Alan,
Francisco: "I don't understand why you need so many different calendars. For the example that I first posted (adjust a schedule to the japanese calendar), you suggested that the Japanese imperial calendar would need to be implemented. I would like to know what kind of applications are you dealing with, in which expressing the dates in the original calendar is important. For a financial application, the japanese calendar is just another gregorian calendar with certain dates defined as bank holidays."
By the way, the Japanese calendar in last 100 year or so uses the same day and month as the Gregorian's, but the years are counted differently. If someone is writing an application that will be used by a financial institution or a school or such, it should handle that. For example, today (Apr 26th, 2006) is 18th year of Heisei, 4th month, 26th day, but 20 years ago was 61st year of Showa, 4th month, 26th day.
-- Yoshiki
Yoshiki: "By the way, the Japanese calendar in last 100 year or so uses the same day and month as the Gregorian's, but the years are counted differently."
In that case, adding a subclass of Calendar class to support the Japanese calendar would be relatively easy to do.
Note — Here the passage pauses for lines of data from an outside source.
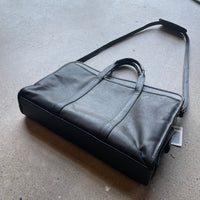 Black Leather “Wilson’s” Briefcase/Satchel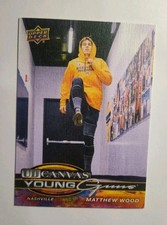 2025-26 Upper Deck Series 1 - Ud Canvas Young Guns Matthew Wood (RC) Rookie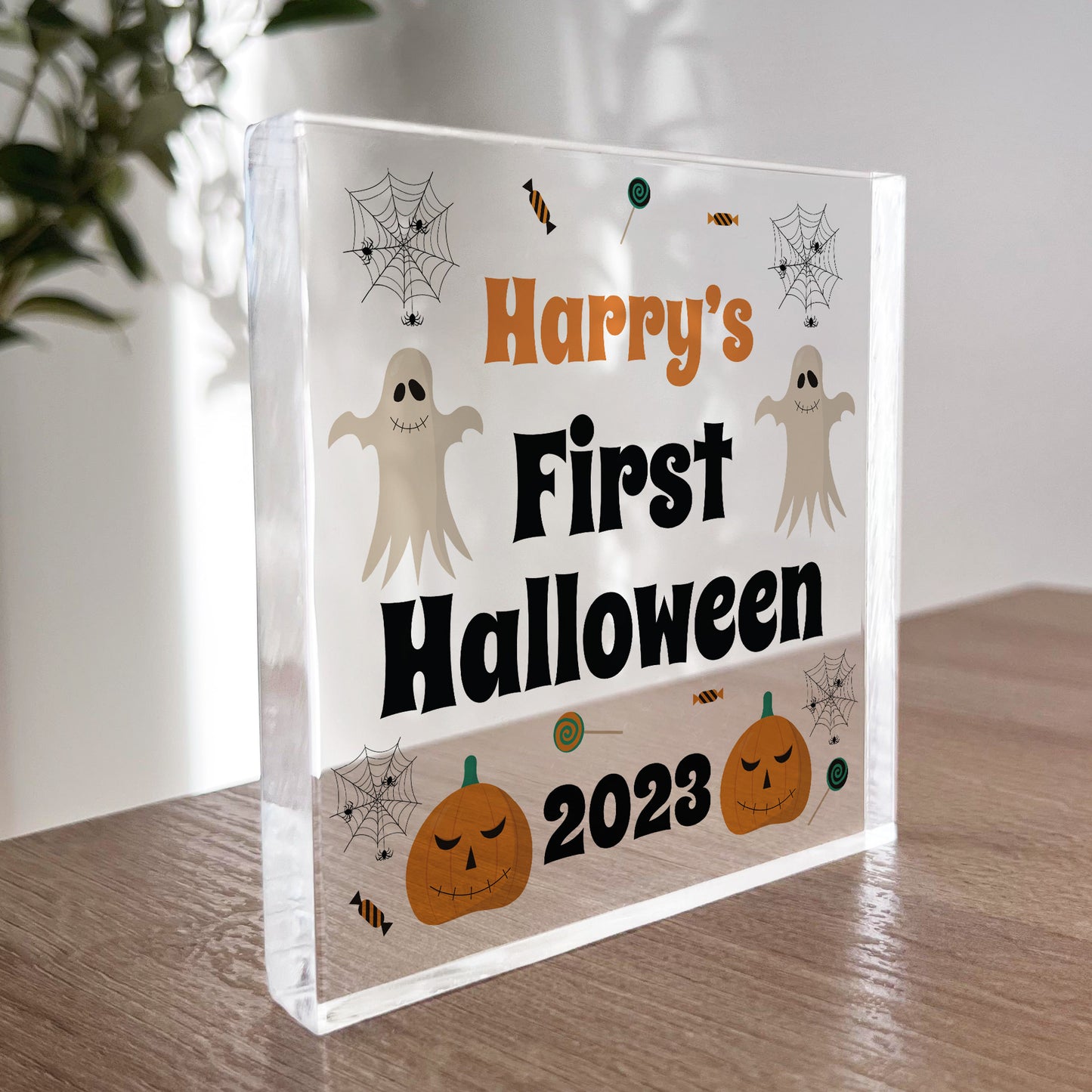 Personalised My First Halloween Gift Halloween Decoration Baby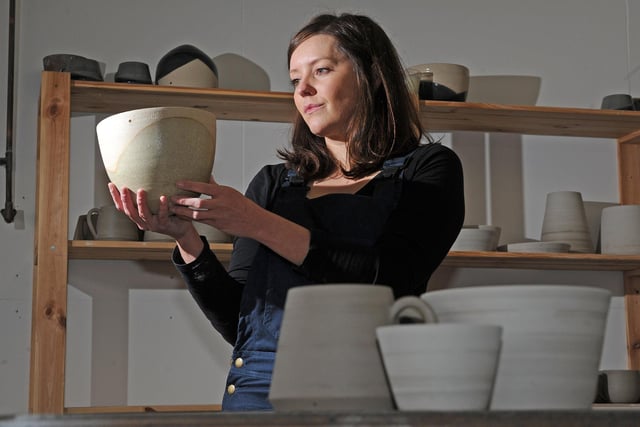 Francesca Hague, who works under the name Grey Suit Clay, makes sought-after ceramic mugs, pots and crockery. (http://greysuitclay.co.uk)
And if the issue is holidays, those usually occur according to the same annual-recurrence rule each year--so the Gregorian calendar could be used.
--Alan
-----Original Message----- From: squeak-dev-bounces@lists.squeakfoundation.org [mailto:squeak-dev-bounces@lists.squeakfoundation.org] On Behalf Of Yoshiki Ohshima Sent: Wednesday, April 26, 2006 2:13 PM To: The general-purpose Squeak developers list Subject: Re: The Timing of Time
Alan,
Francisco: "I don't understand why you need so many different calendars. For the example that I first posted (adjust a schedule to the japanese calendar), you suggested that the Japanese imperial calendar would need to be implemented. I would like to know what kind of applications are you dealing with, in which expressing the dates in the original calendar is important. For a financial application, the japanese calendar is just another gregorian calendar with certain dates defined as bank holidays."
By the way, the Japanese calendar in last 100 year or so uses the same day and month as the Gregorian's, but the years are counted differently. If someone is writing an application that will be used by a financial institution or a school or such, it should handle that. For example, today (Apr 26th, 2006) is 18th year of Heisei, 4th month, 26th day, but 20 years ago was 61st year of Showa, 4th month, 26th day.